EXERCISE GOAL: Word for word, give again the line holding "Tiny photo for" and each line after it to the end of the listing below.
☆ ☆ ☆ ☆ ☆ ☆ ☆
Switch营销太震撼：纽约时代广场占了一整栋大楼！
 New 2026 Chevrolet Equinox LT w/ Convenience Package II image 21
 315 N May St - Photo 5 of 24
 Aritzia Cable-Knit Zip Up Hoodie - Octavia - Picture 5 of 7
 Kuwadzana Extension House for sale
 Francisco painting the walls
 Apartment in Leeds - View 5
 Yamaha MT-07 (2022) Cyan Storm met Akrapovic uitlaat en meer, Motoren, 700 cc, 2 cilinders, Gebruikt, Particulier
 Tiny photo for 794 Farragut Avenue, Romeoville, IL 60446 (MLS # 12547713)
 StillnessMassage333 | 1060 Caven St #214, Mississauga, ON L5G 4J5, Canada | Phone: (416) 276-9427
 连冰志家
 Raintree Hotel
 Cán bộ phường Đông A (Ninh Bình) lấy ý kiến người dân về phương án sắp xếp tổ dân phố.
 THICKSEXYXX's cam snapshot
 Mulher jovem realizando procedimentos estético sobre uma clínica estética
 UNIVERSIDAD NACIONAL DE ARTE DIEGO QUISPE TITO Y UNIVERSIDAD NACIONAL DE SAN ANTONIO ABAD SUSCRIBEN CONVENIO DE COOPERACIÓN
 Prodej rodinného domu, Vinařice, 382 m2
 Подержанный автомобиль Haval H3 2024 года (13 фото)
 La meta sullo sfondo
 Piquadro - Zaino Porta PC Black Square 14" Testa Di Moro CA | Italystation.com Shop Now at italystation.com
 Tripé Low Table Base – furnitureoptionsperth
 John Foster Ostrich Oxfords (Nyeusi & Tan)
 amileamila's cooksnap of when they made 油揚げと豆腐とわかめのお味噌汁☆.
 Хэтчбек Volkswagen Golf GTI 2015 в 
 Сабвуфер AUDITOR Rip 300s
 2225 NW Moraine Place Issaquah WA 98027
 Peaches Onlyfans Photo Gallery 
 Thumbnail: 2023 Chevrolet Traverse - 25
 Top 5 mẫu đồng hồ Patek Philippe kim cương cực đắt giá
☆ ☆ ☆ ☆ ☆ ☆ ☆
EXERCISE OUTPUT:
 Tiny photo for 794 Farragut Avenue, Romeoville, IL 60446 (MLS # 12547713)
 StillnessMassage333 | 1060 Caven St #214, Mississauga, ON L5G 4J5, Canada | Phone: (416) 276-9427
 连冰志家
 Raintree Hotel
 Cán bộ phường Đông A (Ninh Bình) lấy ý kiến người dân về phương án sắp xếp tổ dân phố.
 THICKSEXYXX's cam snapshot
 Mulher jovem realizando procedimentos estético sobre uma clínica estética
 UNIVERSIDAD NACIONAL DE ARTE DIEGO QUISPE TITO Y UNIVERSIDAD NACIONAL DE SAN ANTONIO ABAD SUSCRIBEN CONVENIO DE COOPERACIÓN
 Prodej rodinného domu, Vinařice, 382 m2
 Подержанный автомобиль Haval H3 2024 года (13 фото)
 La meta sullo sfondo
 Piquadro - Zaino Porta PC Black Square 14" Testa Di Moro CA | Italystation.com Shop Now at italystation.com
 Tripé Low Table Base – furnitureoptionsperth
 John Foster Ostrich Oxfords (Nyeusi & Tan)
 amileamila's cooksnap of when they made 油揚げと豆腐とわかめのお味噌汁☆.
 Хэтчбек Volkswagen Golf GTI 2015 в 
 Сабвуфер AUDITOR Rip 300s
 2225 NW Moraine Place Issaquah WA 98027
 Peaches Onlyfans Photo Gallery 
 Thumbnail: 2023 Chevrolet Traverse - 25
 Top 5 mẫu đồng hồ Patek Philippe kim cương cực đắt giá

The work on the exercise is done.